Bajo esta mirada aparece en escena el último conductor de cabriolé, gruñón y quisquilloso, que no dudará en propinar a su cliente una ridícula caída en caso de no obtener la retribución deseada. Todas estas formas rituales de trato con el prójimo empezarán a ser suplantadas por la facilidad del intercambio monetario. Debido a la demanda creciente de la clase media surgen las primeras empresas públicas de transporte con sus modernos omnibuses y sus respectivos revisores de billetes. Es en estos novedosos medios de transporte donde puede verse la mezcla más variopinta de costumbres y usos sociales, desde un viejo funcionario, una criada del hogar, hasta un joven bohemio aficionado a los teatros privados, donde a cambio de un módico precio se convierte por unas horas en el mismísimo Ricardo III. Todos estos personajes se reencuentran una vez al año en la alocada feria de Greenwich, “una fiebre de tres días que calma la sangre durante los seis meses posteriores”.

"Interior de un omnibus" 
Gustave Doré
Pero no todo son vagabundeos por las calles de Londres. La mirada inquisitiva de Boz penetra igualmente en los “pozos de aflicción y probreza” de las casas de empeño o los tribunales de justicia. Es en ellos donde se introduce la temática, característica de la época victoriana, de la desgracia social: la descripción de aquellos individuos marcados por el destino de su grupo, integrados en la sociedad como delincuentes de oficio, única forma que les queda de salir del abismo de la miseria celosamente ocultado por políticos y funcionarios del estado. Llama la atención que Cruikshank no realizara ilustraciones para tan tremendas escenas como la del joven carterista que improvisa su defensa ante el tribunal que inexorablemente le condenará a pasar una larga temporada en uno de esos correccionales dejados de la mano de Dios. A la última de las escenas del texto, dedicada a la prisión de New Gate, sólo le falta el “lasciate ogne speranza, voi ch'intrate” que, según relata Dante, se encuentra impreso ante las puertas del Infierno.
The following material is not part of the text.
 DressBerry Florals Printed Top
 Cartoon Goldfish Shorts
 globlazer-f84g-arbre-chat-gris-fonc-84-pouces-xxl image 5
El texto que el año pasado reeditó la editorial Abada, en la edición magistral de Miguel Ángel Martínez-Cabeza que incorpora las ilustraciones de Cruikshank, pertenece a la ya mencionada primera etapa de Charles Dickens, aquella que precede a la escritura de sus grandes novelas. Bajo el seudónimo de "Boz", además de estas escenas, escribió una serie de cuentos, de descripciones de varios personajes de la vida londinense, y una serie de artículos bajo el título de Nuestra Parroquia.